Retype the records below exactly as given, but only from the first line through the line with "Thank you to", and without the pictures.

-------------------------

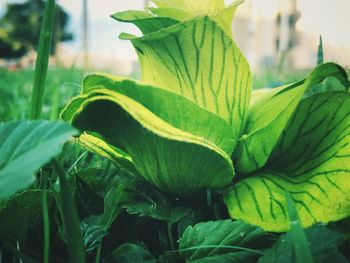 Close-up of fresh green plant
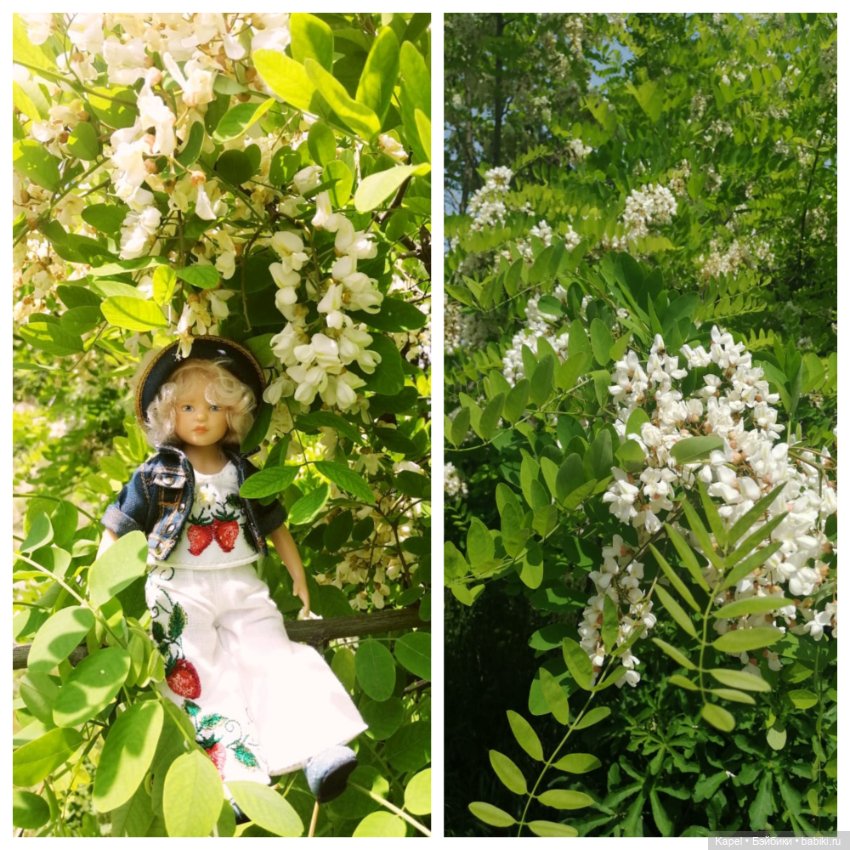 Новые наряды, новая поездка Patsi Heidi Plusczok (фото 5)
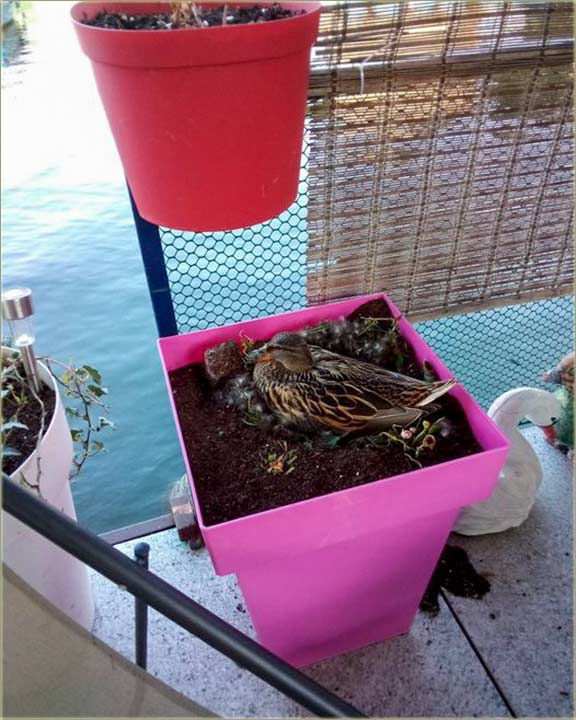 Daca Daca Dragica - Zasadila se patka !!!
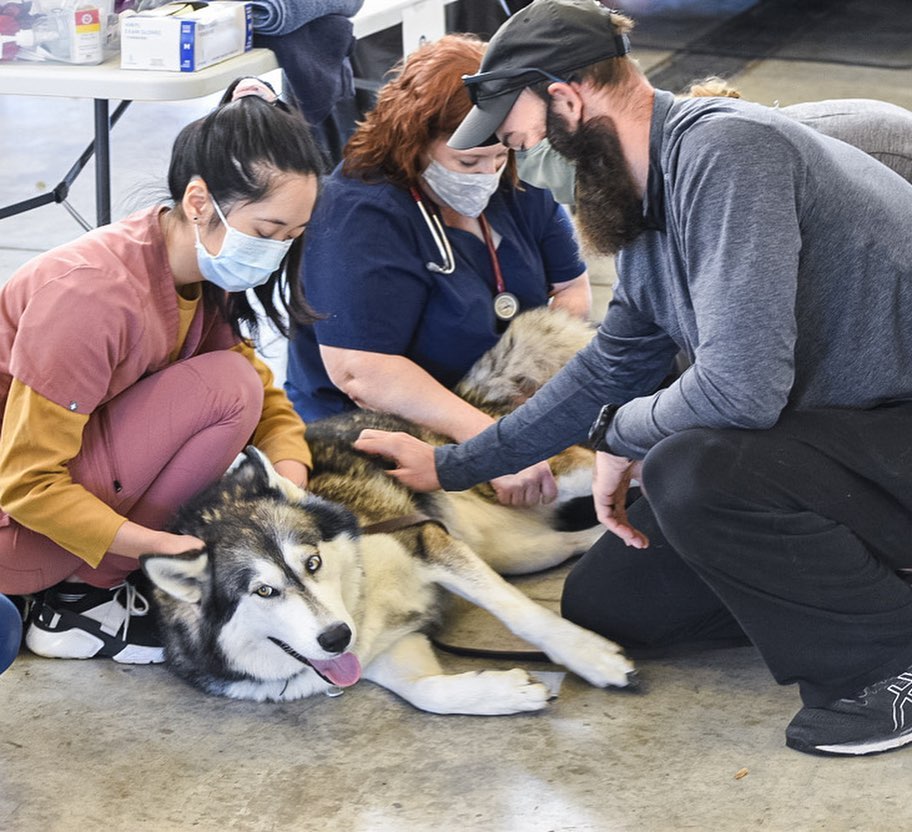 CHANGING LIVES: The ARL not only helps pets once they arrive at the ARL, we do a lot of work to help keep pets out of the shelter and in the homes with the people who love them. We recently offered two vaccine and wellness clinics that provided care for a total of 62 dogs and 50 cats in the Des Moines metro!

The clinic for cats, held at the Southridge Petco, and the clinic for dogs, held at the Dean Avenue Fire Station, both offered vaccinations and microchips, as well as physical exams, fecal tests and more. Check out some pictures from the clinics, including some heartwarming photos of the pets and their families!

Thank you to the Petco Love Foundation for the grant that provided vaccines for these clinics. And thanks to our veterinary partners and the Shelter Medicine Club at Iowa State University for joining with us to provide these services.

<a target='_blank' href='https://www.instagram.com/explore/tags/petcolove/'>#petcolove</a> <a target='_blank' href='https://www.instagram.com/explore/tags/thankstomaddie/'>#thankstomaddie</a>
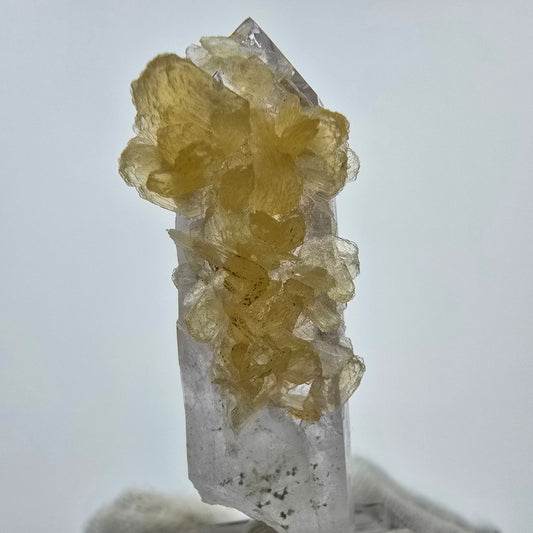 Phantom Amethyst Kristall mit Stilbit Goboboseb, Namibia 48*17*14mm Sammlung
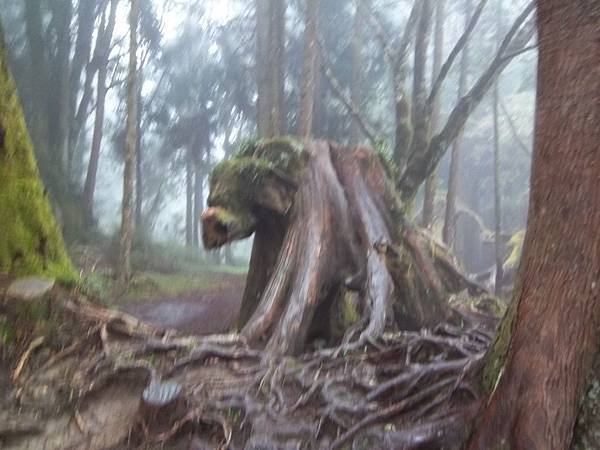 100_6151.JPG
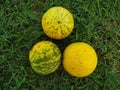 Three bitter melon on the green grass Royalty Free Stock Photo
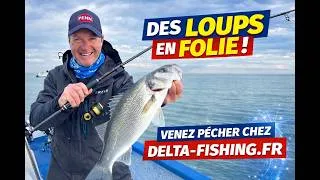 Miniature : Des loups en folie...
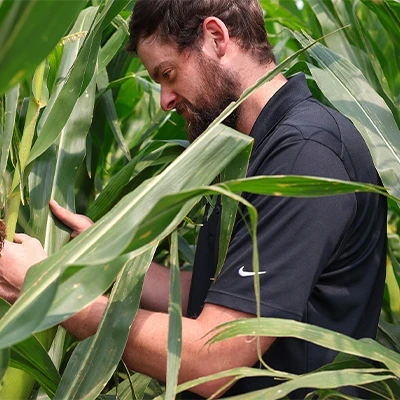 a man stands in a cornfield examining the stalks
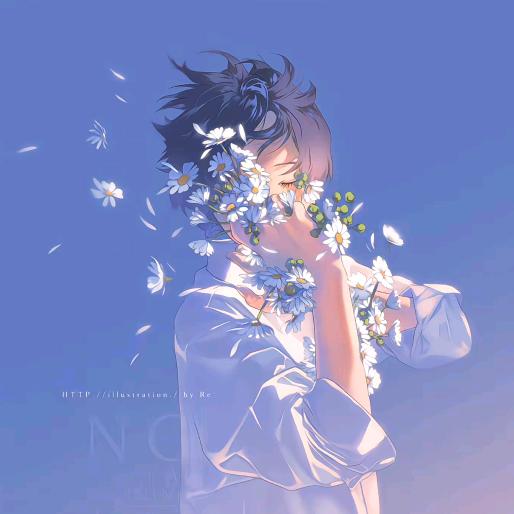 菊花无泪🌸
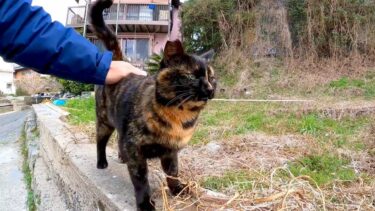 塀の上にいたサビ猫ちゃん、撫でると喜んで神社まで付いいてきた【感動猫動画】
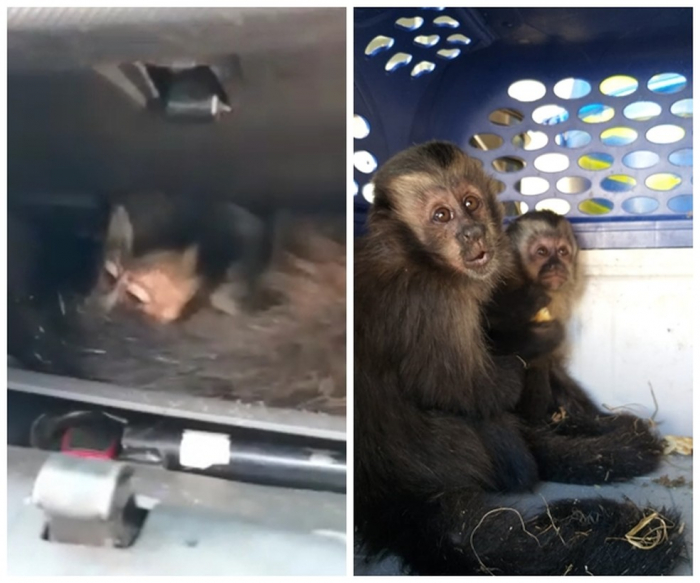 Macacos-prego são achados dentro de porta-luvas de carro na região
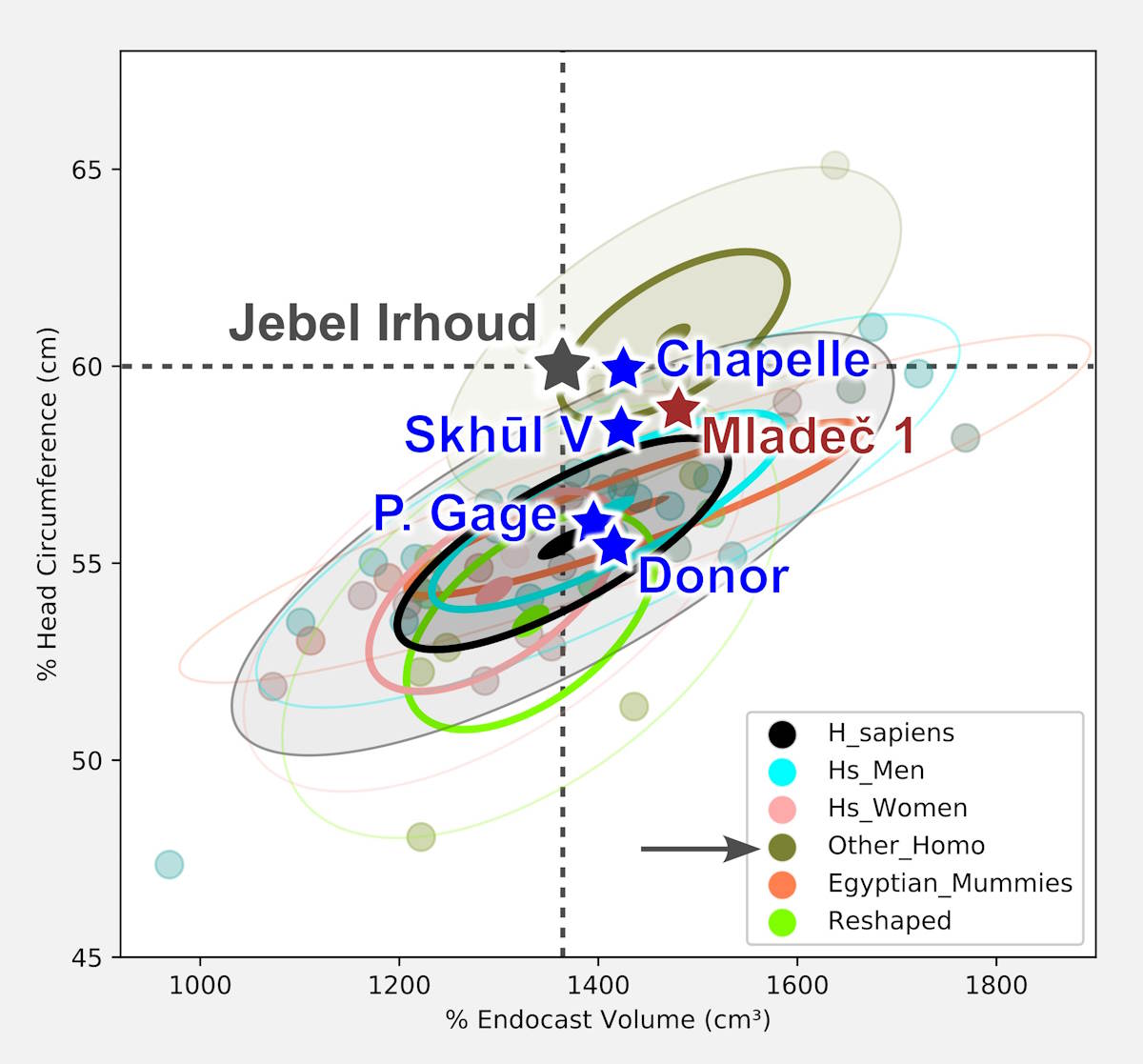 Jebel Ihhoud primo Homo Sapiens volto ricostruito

-------------------------

▸ Exercise answer:
 Close-up of fresh green plant
 Новые наряды, новая поездка Patsi Heidi Plusczok (фото 5)
 Daca Daca Dragica - Zasadila se patka !!!
 CHANGING LIVES: The ARL not only helps pets once they arrive at the ARL, we do a lot of work to help keep pets out of the shelter and in the homes with the people who love them. We recently offered two vaccine and wellness clinics that provided care for a total of 62 dogs and 50 cats in the Des Moines metro!

The clinic for cats, held at the Southridge Petco, and the clinic for dogs, held at the Dean Avenue Fire Station, both offered vaccinations and microchips, as well as physical exams, fecal tests and more. Check out some pictures from the clinics, including some heartwarming photos of the pets and their families!

Thank you to the Petco Love Foundation for the grant that provided vaccines for these clinics. And thanks to our veterinary partners and the Shelter Medicine Club at Iowa State University for joining with us to provide these services.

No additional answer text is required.